Я хотел буквализировать сюрреалистику здесь. Это мои любимые истории. Мне нравится, когда Габриэль Гарка Мракес делает это, например, - это добавляет к радости, смеется поверить в невероятное. А почему бы и нет: такая большая жизнь такая сказочная, такая странная, такая абсурдная.
Есть так много причин, но главная причина в том, что литературный мир просто слишком белый. Когда эти учреждения используются больше цветных профессоров, возможно, в студенческом популяции произойдут некоторые изменения.
Я просто вижу в поп -культуре, музыке, визуальном искусстве, книгах и т. Д., Настоящий голод для нового и разных, и я думаю, что это удивительно. Удовлетворение этого голода является частью ответственности творческого человека.
Я люблю посторонние истории. И мне также нравится много жанровой фантастики. Поэтому я хотел написать литературную книгу, которая флиртовала с триллером, фантазией и даже научной фантастикой. Я хотел, чтобы история о совершеннолетии и история любви была о «Outsiderdom»-одной из тем, в которой меня больше всего интересует.
Первоначальная история Zal от Ferdowsi дает очень трогательный отчет о младенчестве, у которого были все шансы против него - он остался умирать в пустыне, и гигантская, доброжелательная птица спасла его и стал его ангелом -хранителем. Эта история взволновала меня; Я всегда хотел написать об этом.
Я оба любили и ненавидели Южную Пасадена. С одной стороны, это было так разнообразно - все мои ближайшие друзья были иммигрантами или имели родителей -иммигрантов. С другой стороны, это было немного консервативно - в каком -то полезном, среднем западном смысле, маленьком городке. Я никогда не встречал ни одного писателя, пока не переехал в Нью -Йорк в колледж.

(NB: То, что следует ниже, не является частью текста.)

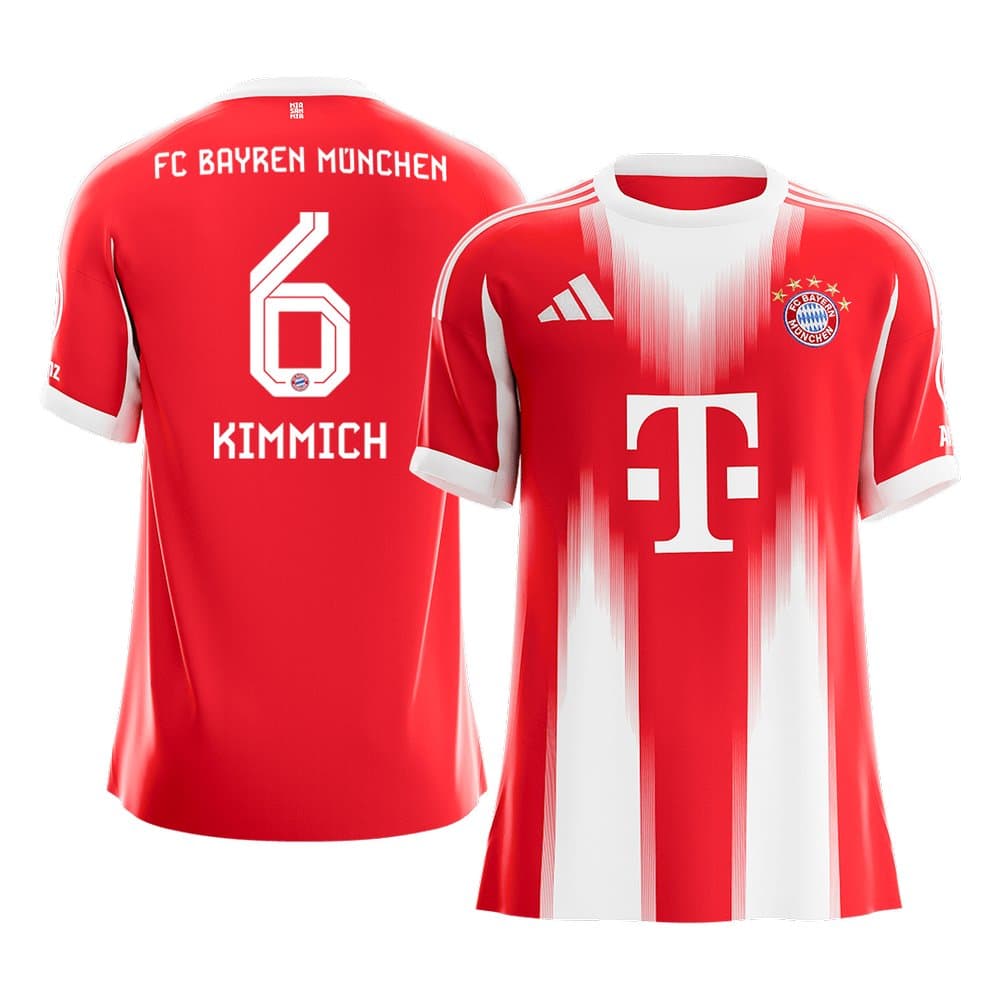 Men's KIMMICH #6 Bayern Munich Home Replica Soccer Jersey 2025/26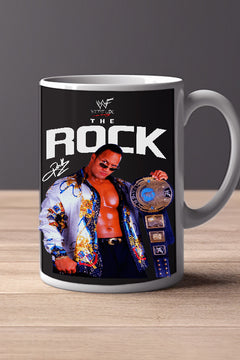 THE ROCK 11oz Mug Featuring Pro Wrestling Icon Dwayne Johnson | WWE Gift | Collector's Item | Unique Wrestling Memorabilia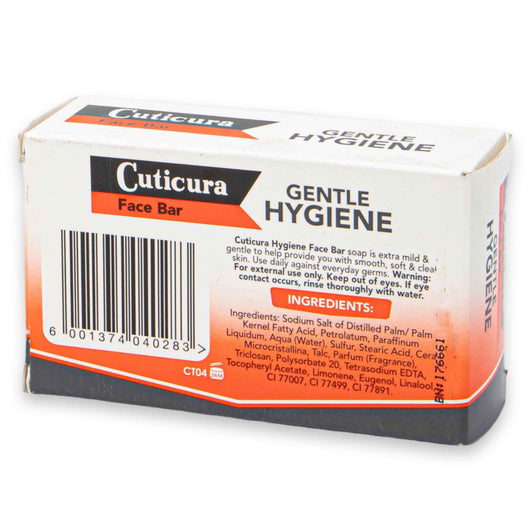 Cuticura, Face Bar Gentle Hygiene 100g | With Soothing Vitamin E – Cleanses & Protects for All Skin Types - Cosmetic Connection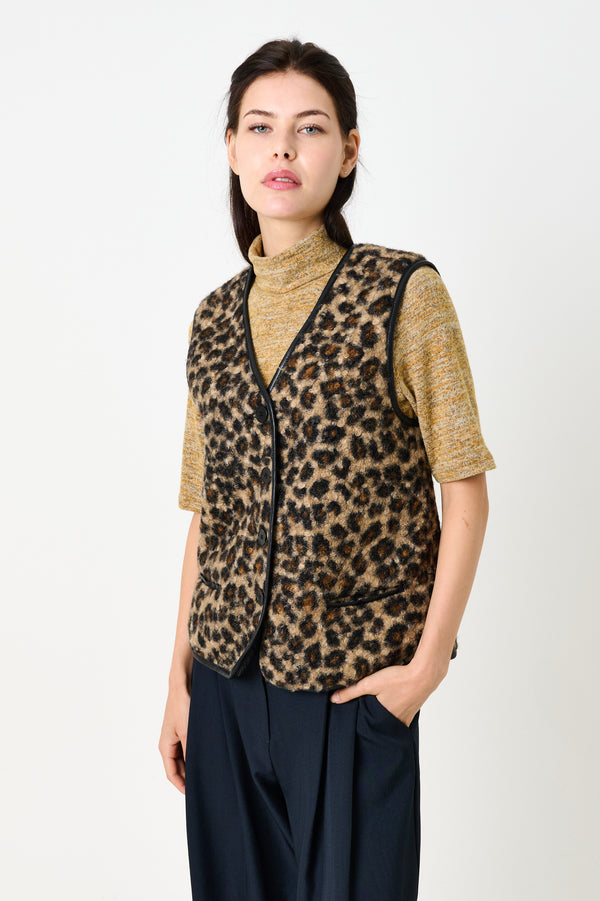 Chris Animal Gilet - Taupe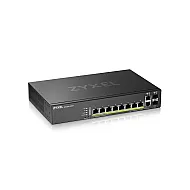 Zyxel GS2220-10HP-EU0101F switch-uri Gestionate L2 Gigabit Ethernet (10/100/1000) Power over Ethernet (PoE) Suport Negru
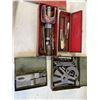 Image 1 : 4 ANTIQUE TINS OF TOOLS - PULLERS AND EASY OUTS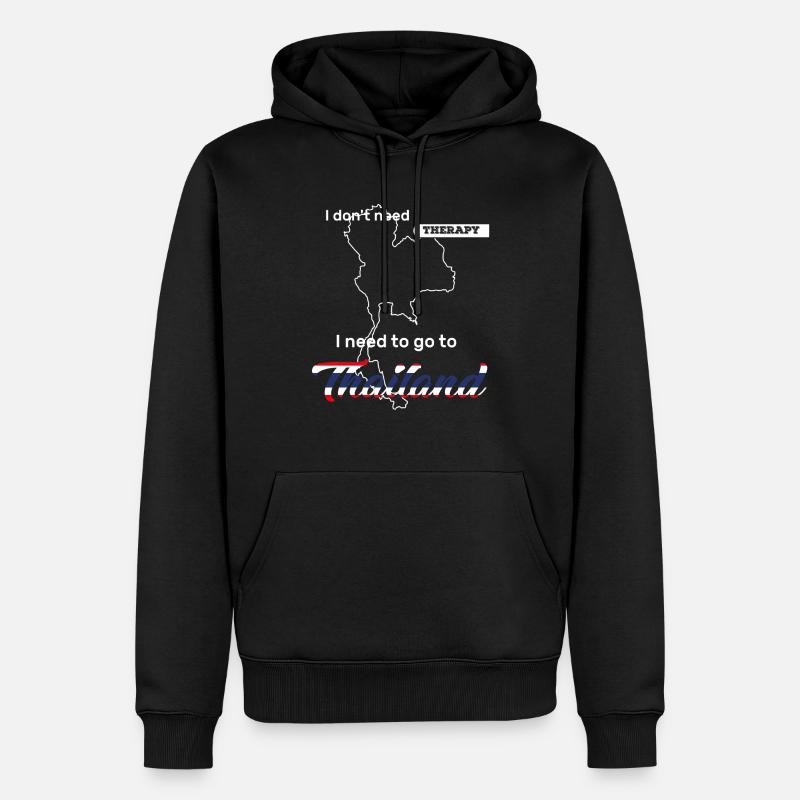 Don't need therapy - Sweat à capuche Premium bio Homme - noir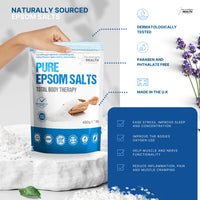 The Intelligent Health Magnesium Sulphate Bath Salts Soak, Muscle Magnesium Epsom Salts for Bathing and Foot Soaking for Women & Men - 450g Resealable Pouch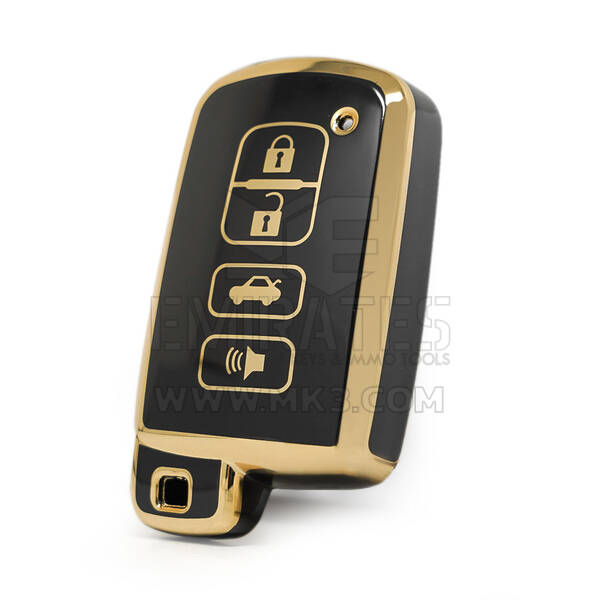 Nano cubierta de alta calidad para Toyota Camry 2012-2017 llave remota 3 + 1 botones Color negro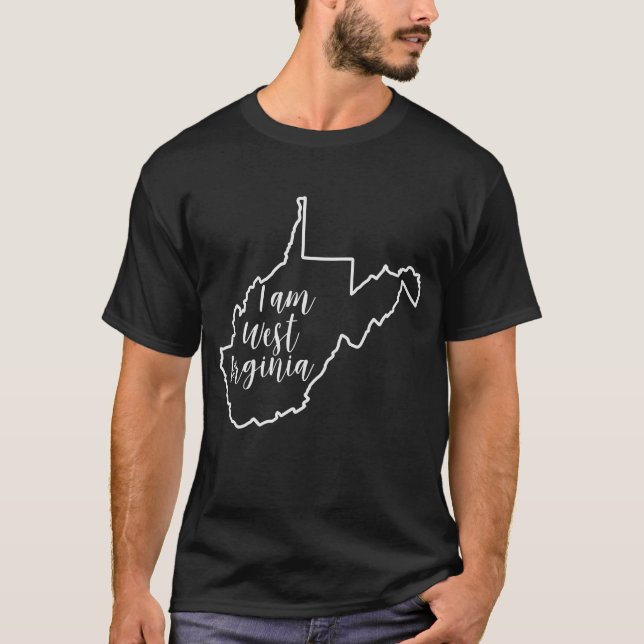 Camiseta masculina I AM West Virginia (Frente)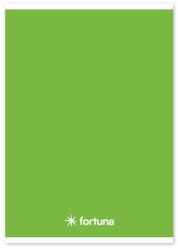 Fortuna Füzet vonalas FORTUNA Monocolor A/5 32 lapos 21-32 4-8. osztályos zöld (01.02077) - vectraline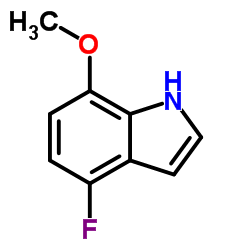 4-氟-7-甲氧基-1H-吲哚结构式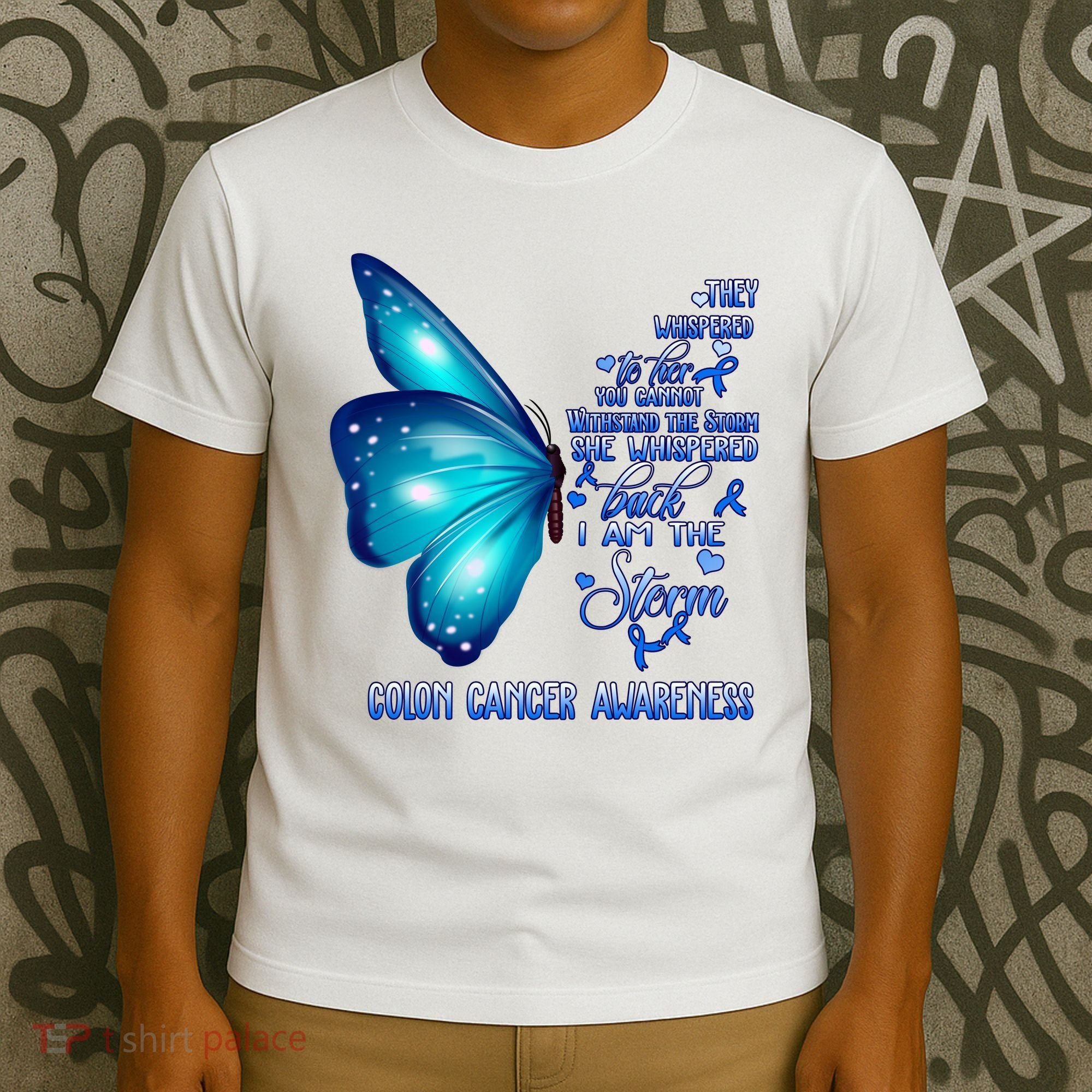I Am The Storm Colon Cancer Awareness Butterfly T-Shirt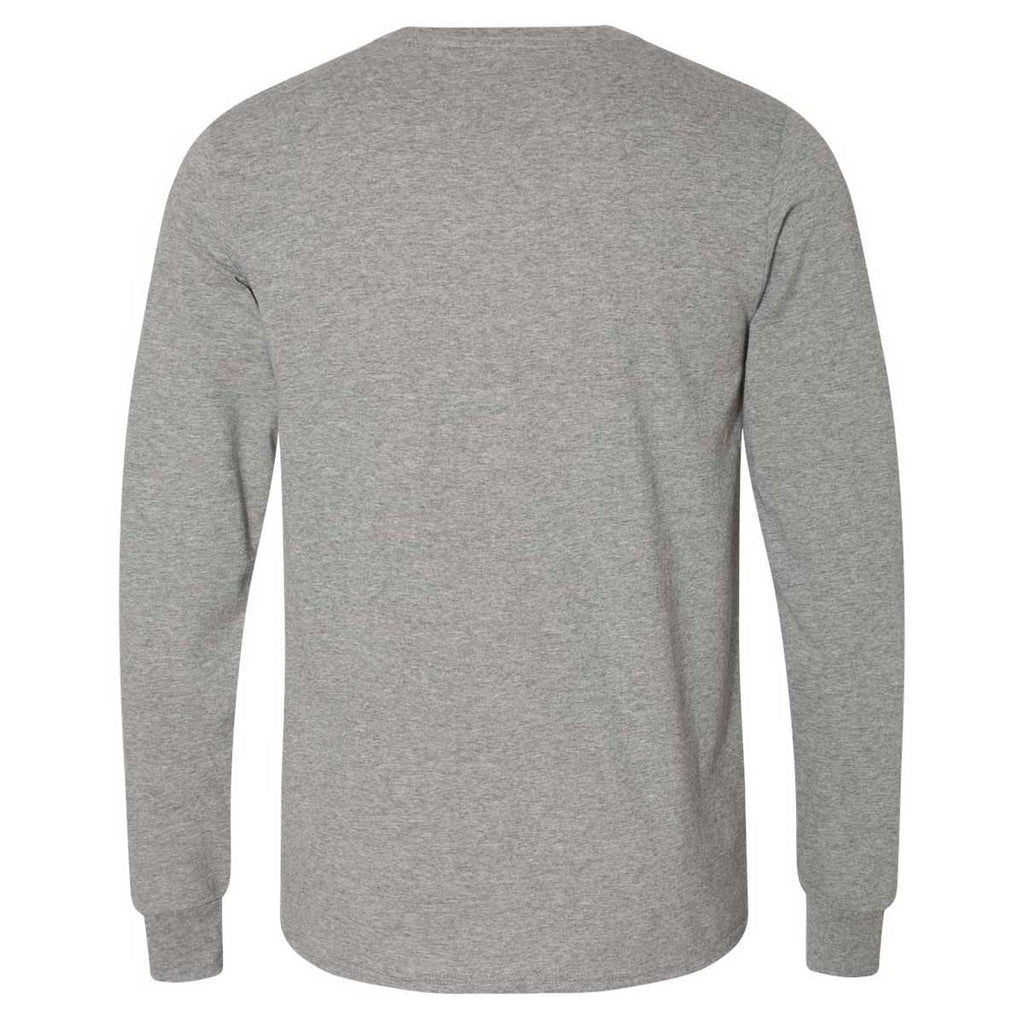 Russell Athletic Men's Oxford Essential 60/40 Performance Long Sleeve T-Shirt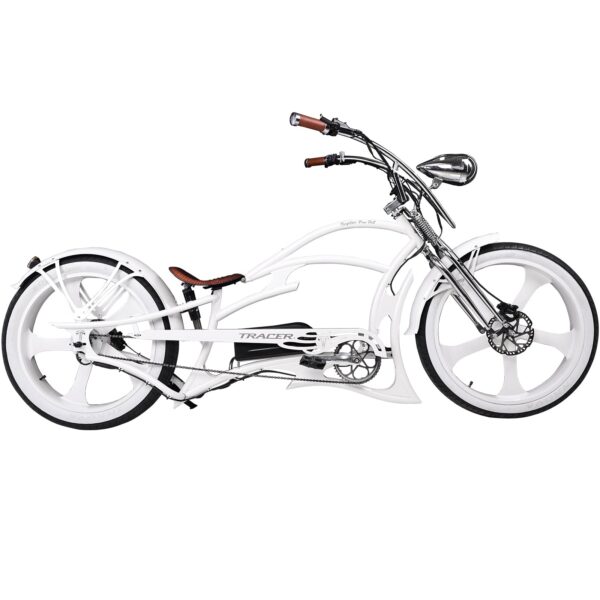 tracer raptor 800w stretch cruiser chopper ebike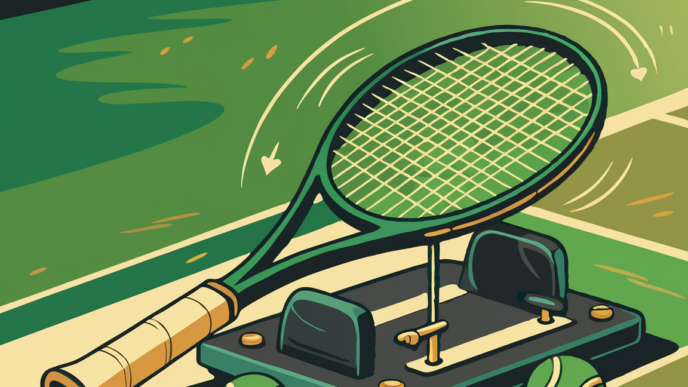 how often string tennis racket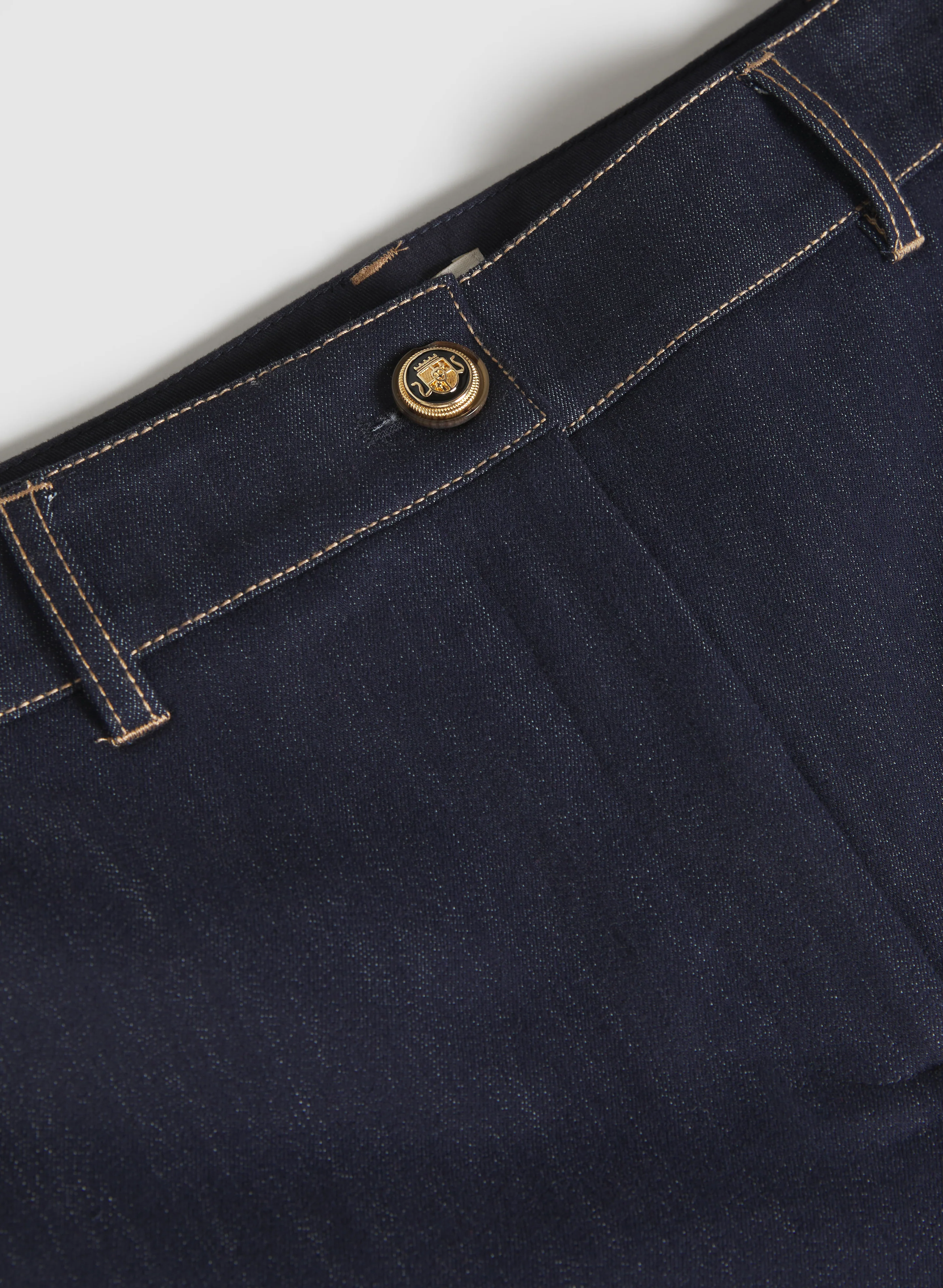 Olivia Denim Wide-Leg Pants - Image 6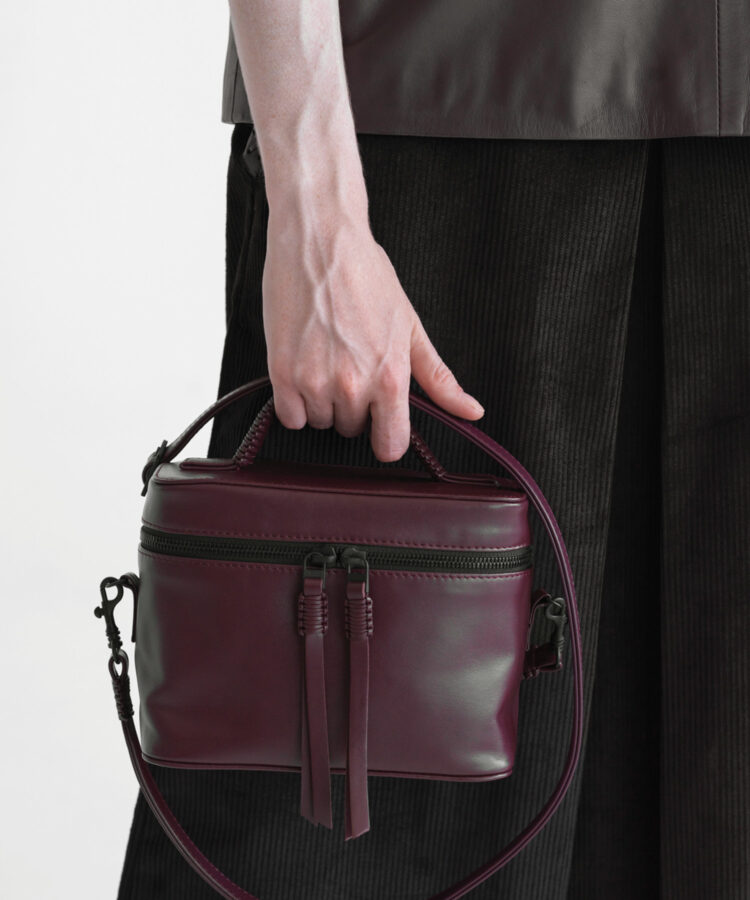 Venus Bag in Merlot Smooth Leather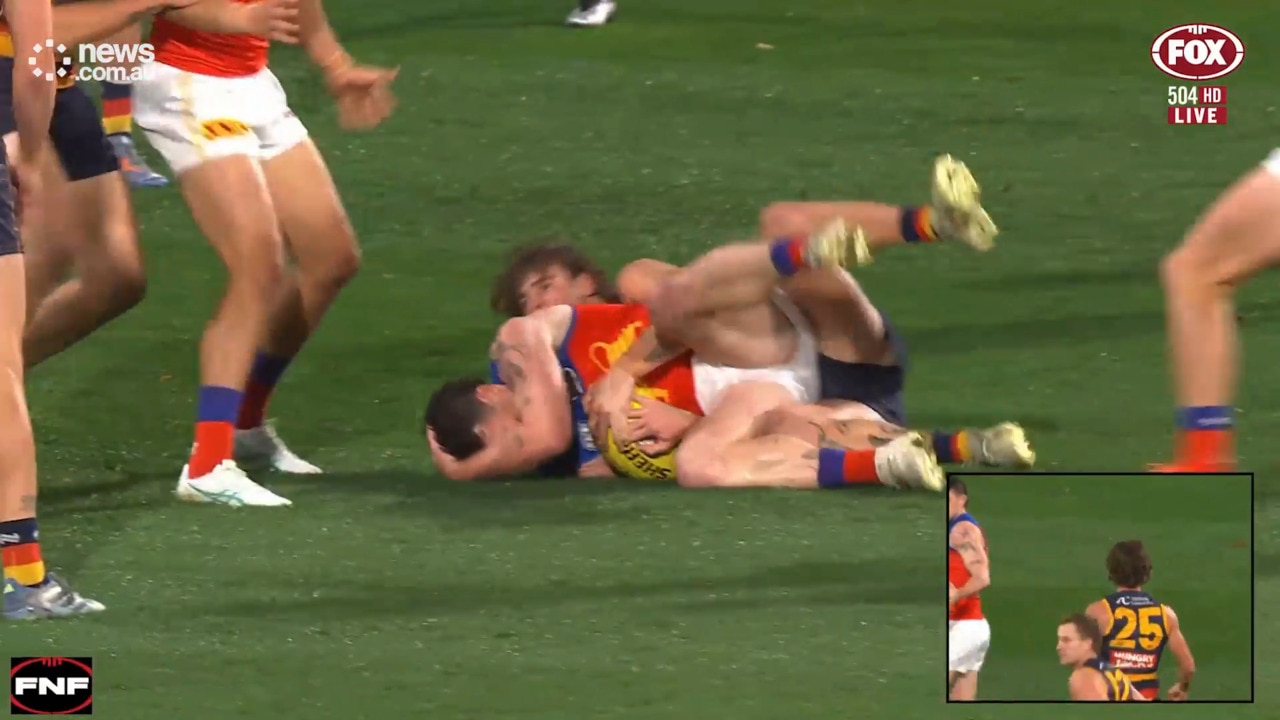 James Peatling reported for sling tackle on Lachie Neale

Там меньше серой области, меньше сомнений. Есть безопасность в том, чтобы быть чем -то вещью. Наша культура также поощряет такой способ преувеличения, например, является ключом к успеху рекламы в Соединенных Штатах. Но гипербола также кажется большой частью иранской культуры.
Для меня каждый человек - это немного преувеличенная версия настоящего человека - в большинстве случаев они являются версиями себя. Я кто -то глубоко мотивирован крайностями - поляки становятся не только домом для меня, но и, как ни странно, становятся моими зонами комфорта.
Пристрастия моих персонажей - это то, что делает их немного стилизованными или «гротескными» - не только по внешности, но и благодаря тому, что их движет. Зависимость - это то, что угрожает стабильности и нормальности, и все же это кажется частью того, чтобы быть человеком - по крайней мере, мы все немного навязчивы и навязчивы. Разве все люди не движимы безумными желаниями для той или иной вещи?
Зависимость - очень убедительный предмет для литературы, особенно теперь, когда почти невозможно выйти из взрослого опыта без какой -либо зависимости - к веществам, конечному, а также для любви, секса, успеха, неудачи, власти.